--- INPUT FOR THIS TASK ---
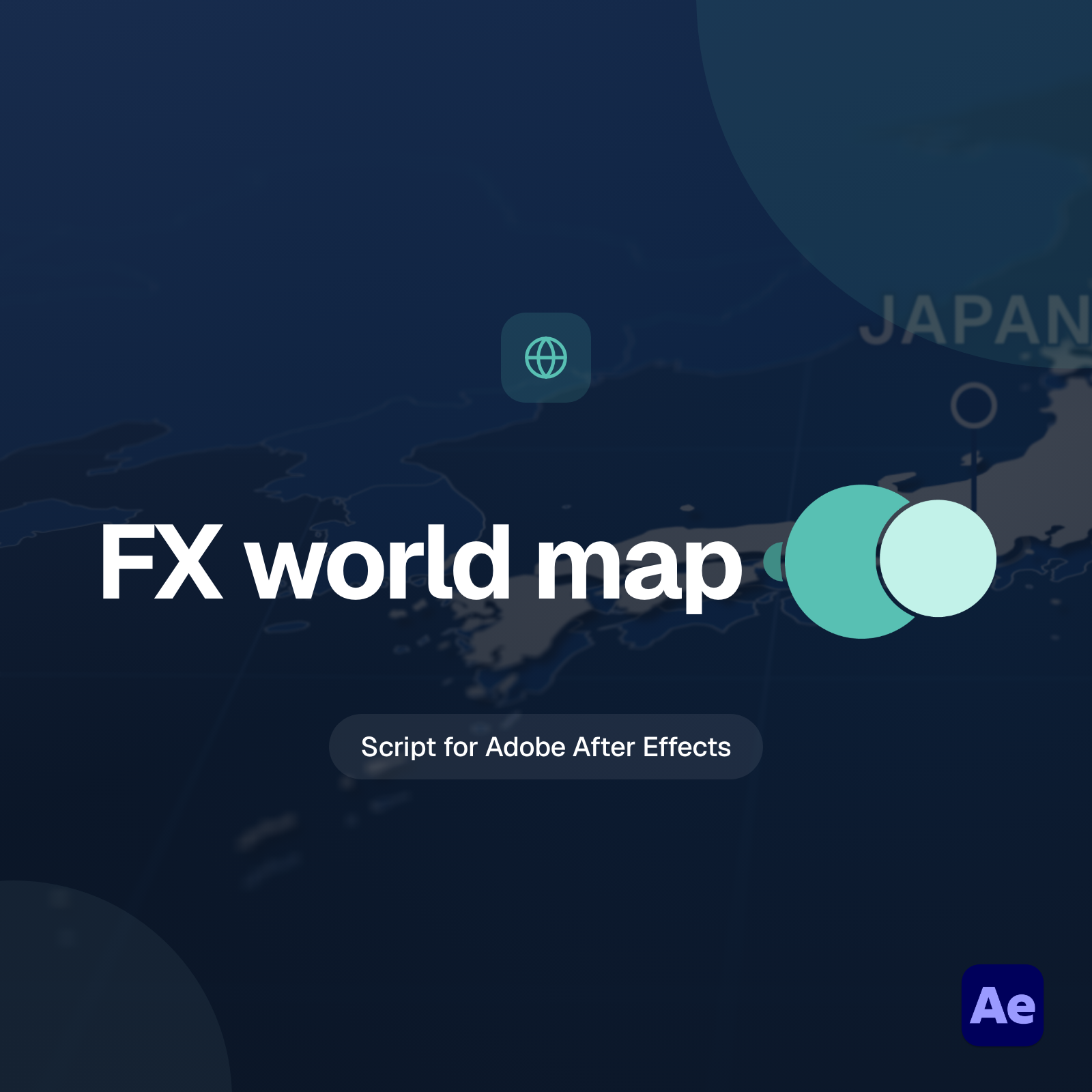 Flayr FX World Map logo for the After Effects animated 3D map tool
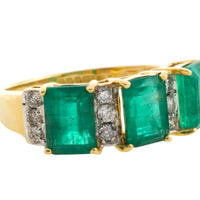 Emerald and diamond ring in 18 carat gold-Vintage Rings-The Antique Ring Shop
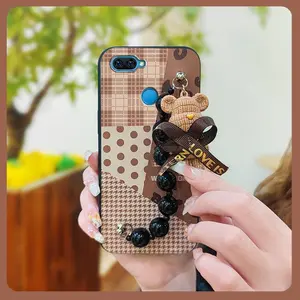 Skin-friendly feel Simplicity Phone Case For OPPO A12/A11K/A12S Cartoon Dirt-resistant soft case Waterproof silicone cute Bear bracelet protective case Back Cover Anti-knock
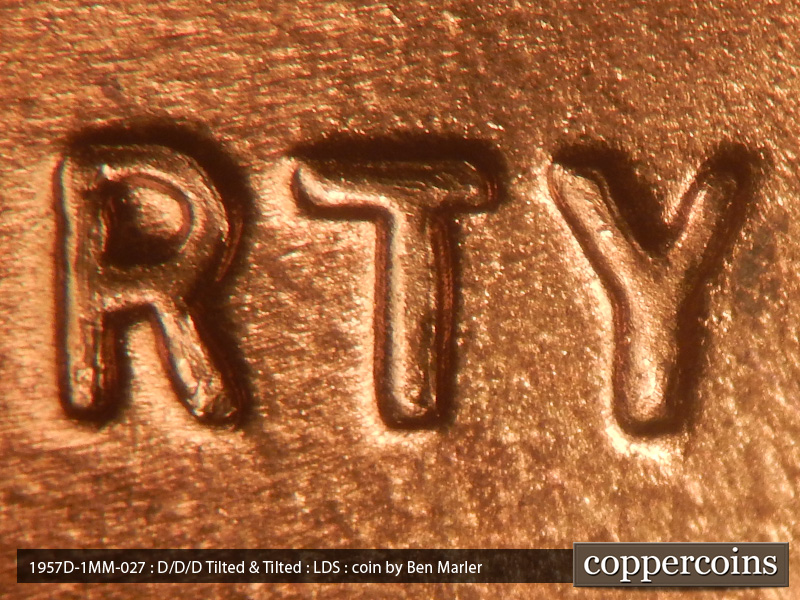 Die-stage C marker on 1957D•1MM•027 (1957 Repunched Mint Mark).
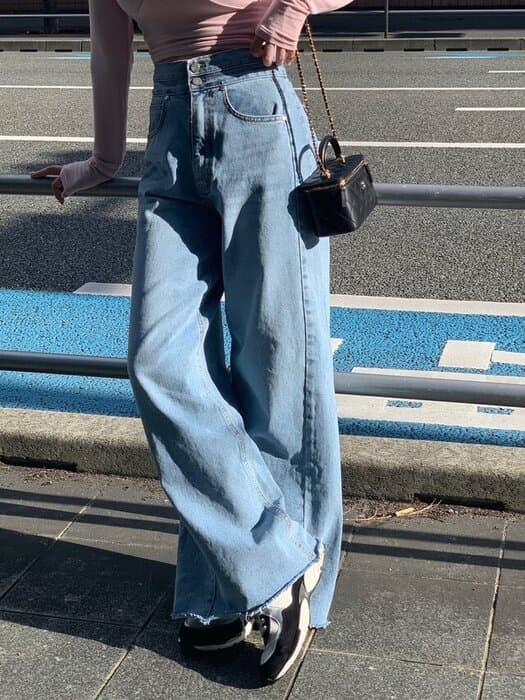 骨格ナチュラルワイドレッグデニムパンツ
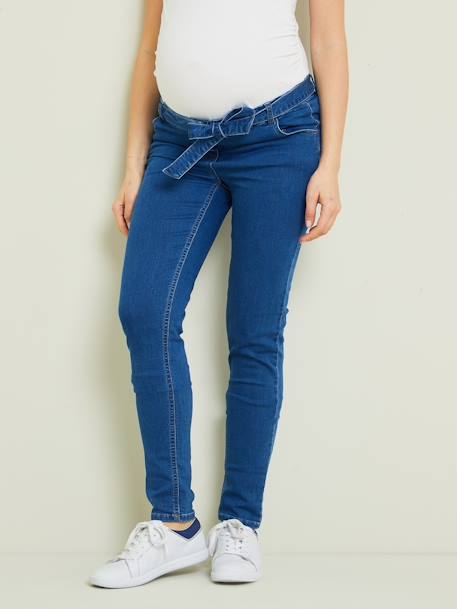 Pantalon slim de grossesse molleton aspect jean denim stone 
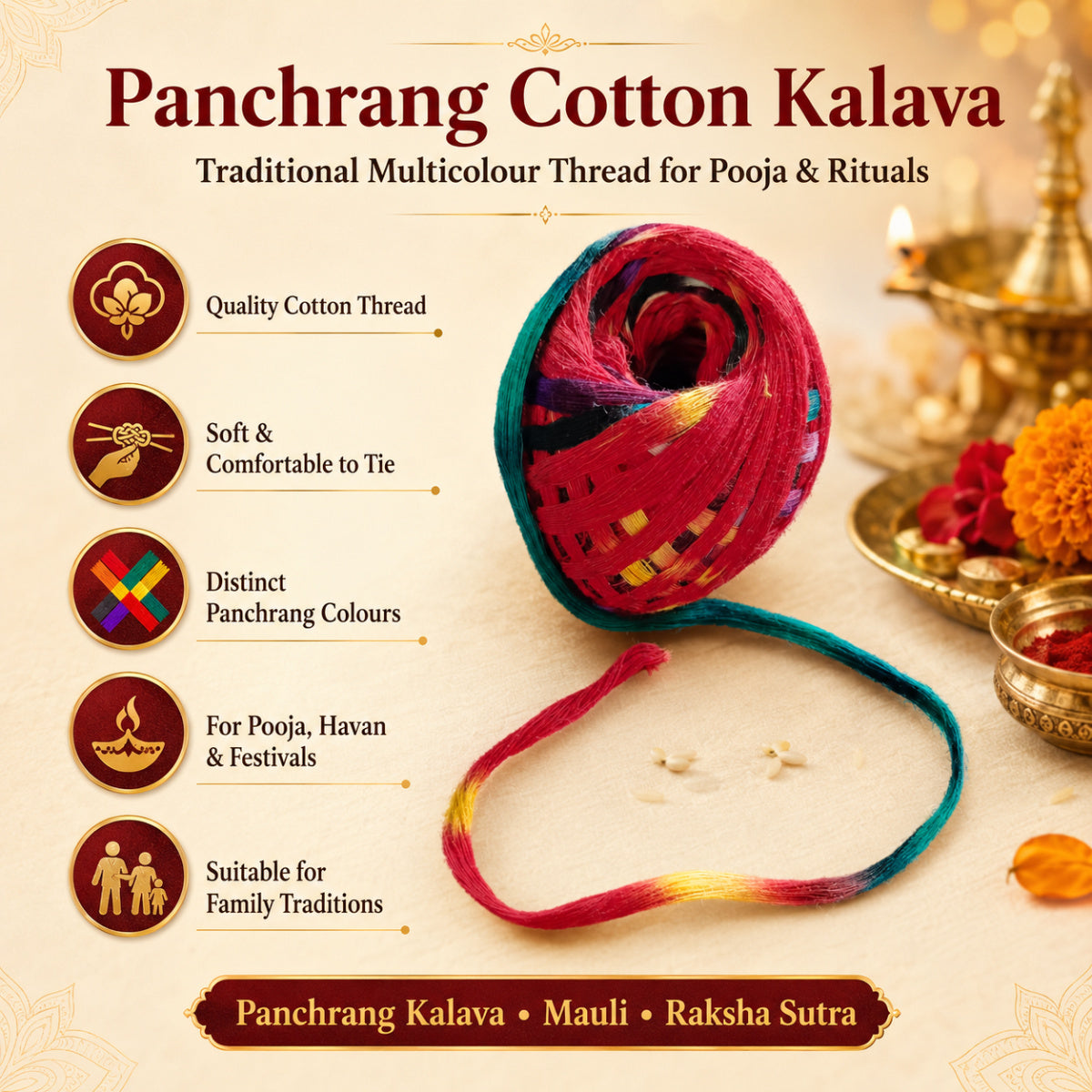 Casa De Amor Panchrang Cotton Kalava Mauli Dhaga, Multicolour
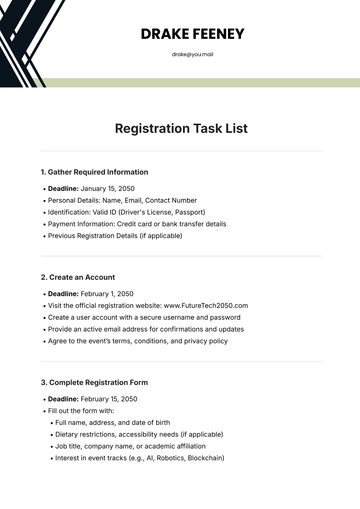 Free Registration Task List Template to Edit Online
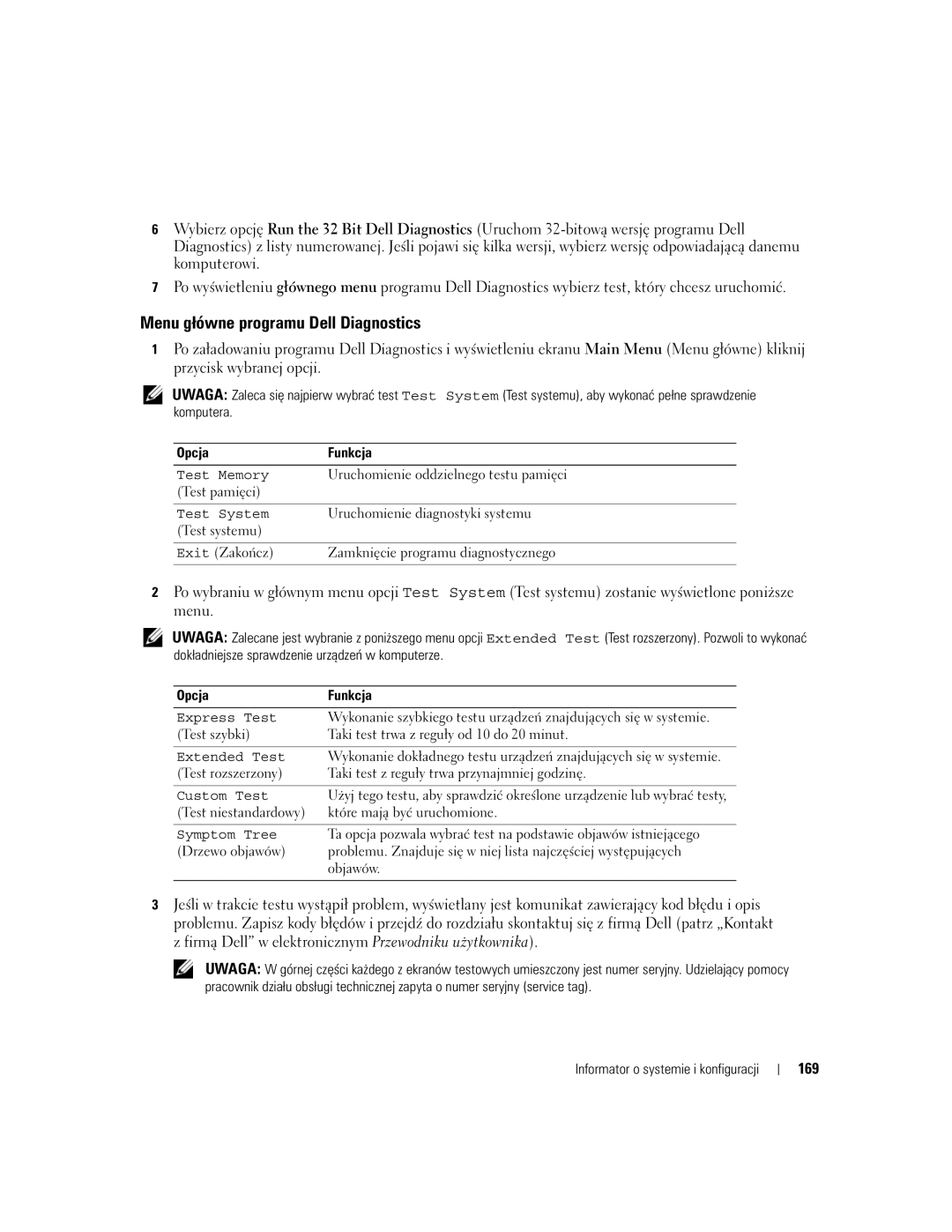 Dell UY708 manual Menu główne programu Dell Diagnostics, 169 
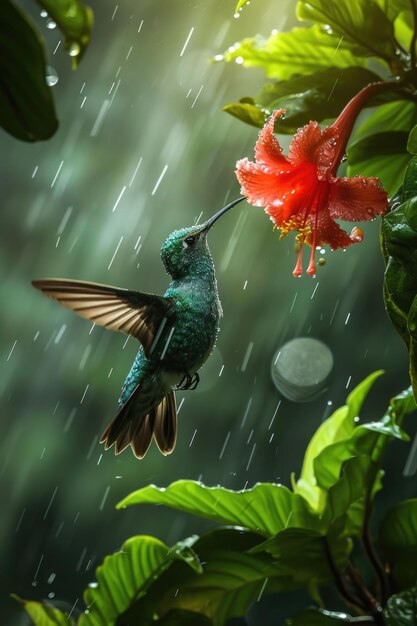 Kolibri schwebt bei einer roten Blume im Regenwald bei nebligem Licht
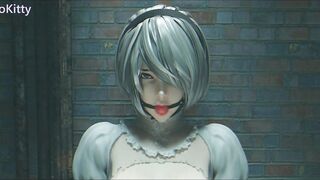 Nier 2b Experiences Fast Double Penetration Vibrator Dildo Machine inside Outdoor Restroom - Ball Gag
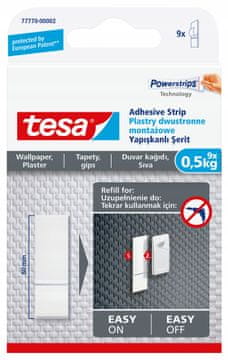 Tesa TESA Plastri za montażu, samoljepljive trake do 0,5 kg, za tapete i žbuku, 9 komada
---
EXERCISE GOAL →
Reproduce the records in full, exactly as they appear, and show none of the pictures.

RESULT OF THIS TASK →
 Flayr FX World Map logo for the After Effects animated 3D map tool
 Emerald and diamond ring in 18 carat gold-Vintage Rings-The Antique Ring Shop
 Skin-friendly feel Simplicity Phone Case For OPPO A12/A11K/A12S Cartoon Dirt-resistant soft case Waterproof silicone cute Bear bracelet protective case Back Cover Anti-knock
 Die-stage C marker on 1957D•1MM•027 (1957 Repunched Mint Mark).
 骨格ナチュラルワイドレッグデニムパンツ
 Pantalon slim de grossesse molleton aspect jean denim stone 
 Casa De Amor Panchrang Cotton Kalava Mauli Dhaga, Multicolour
 Free Registration Task List Template to Edit Online
 Dell UY708 manual Menu główne programu Dell Diagnostics, 169 
 Kolibri schwebt bei einer roten Blume im Regenwald bei nebligem Licht
 Nier 2b Experiences Fast Double Penetration Vibrator Dildo Machine inside Outdoor Restroom - Ball Gag
 Tesa TESA Plastri za montażu, samoljepljive trake do 0,5 kg, za tapete i žbuku, 9 komada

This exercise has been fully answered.